Cilk Plus Perfomance - Overhead - Page 2

knikas · ‎12-21-2011

Hi all, I downloaded and built the gcc47-cilkplus branch. I managed to built the library using binutils version 2.20.1, as I had some problems with versions 2.22 and 2.18. I then tried to experiment with the following code:

[bash]#include 
#include 

int fib (int n) { 
   if (n<2) return n; 
   else { 
          int x, y; 
#ifdef cilk 
          x = cilk_spawn fib (n-1); 
          y = cilk_spawn fib (n-2);
          cilk_sync;
#else 
          x = fib(n-1);
          y = fib(n-2);
#endif 
          return (x+y); 
 } } 

int main (int argc, char *argv[]) { 
   int n, result; struct timeval t1, t2; 
   double time; n = atoi(argv[1]); 
   gettimeofday(&t1, 0); 
#ifdef cilk 
   result = cilk_spawn fib(n); 
   cilk_sync; 
#else 
   result = fib(n); 
#endif 
   gettimeofday(&t2, 0); 
   time=(double)((t2.tv_sec-t1.tv_sec)*1000000+t2.tv_usec-t1.tv_usec)/1000000; 
   printf ("Result: %d\n", result); 
   printf("Time : %.4f\n", time); 
   return 0; 
}[/bash]

For the compilation I export LD_LIBRARY_PATH and LIBRARY_PATH and I run:

[bash]gcc -Wall -Wno-unused-variable -O3 -o fib-serial-gcc47-O3 fib.c -ldl -lcilkrts
gcc -Wall -Wno-unused-variable -O3 -Dcilk -o fib-cilk fib.c -ldl -lcilkrts[/bash]

for the serial and the parallel version.

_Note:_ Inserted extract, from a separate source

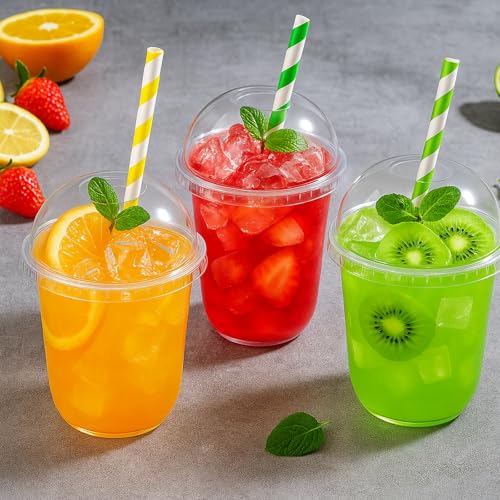 tchrules 12 oz Clear Plastic Cups with Dome Lids, Disposable Cold Drink Cups for Boba Bubble Tea, Iced Coffee, Smoothies, ...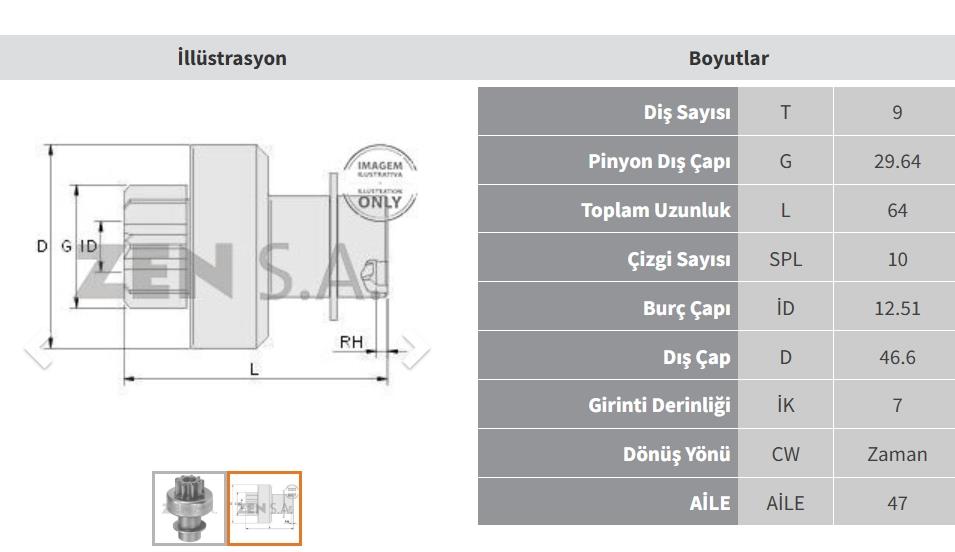 Marş Dişlisi 9diş Suzuki Toyota Mıtsubıshı Toyota Corona Corolla / Daıhatsu Zen0184 | Zen 0184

I limit the CILK_NWORKERS to 1 and I get the following results for fib(40):

serial :Time : 1.0540

cilk :Time : 27.3902

Even for 8 workers (I have an 8-core machine) cilk reports3.4457...still slower than the serial version! Something seems to be wrong. Maybe something to do with code optimizations? Or do you think something went wrong while building gcc?

Kind regards,

Kostis

jimdempseyatthecove · ‎01-19-2012

>> but also exploit nested parallelism in both sides

This is correct, but the call to g() is not via cilk_spawn, and thus reduces the number of spawns by ~1/2.
While this is good programming practice, it is not following the problem premise of a fully parallel recursive algorithm.

In the original TBB example, they incorporated a CutOff threshold. If the (remaining) n was belowthis threshold the Serial Fib function is called. This too, while good programming practice, circumvents fully parallel-ness of the implimentation.

The point being made here is "fully parallel" isn't always "fully best"... and this is part of the learning experiance of this problem.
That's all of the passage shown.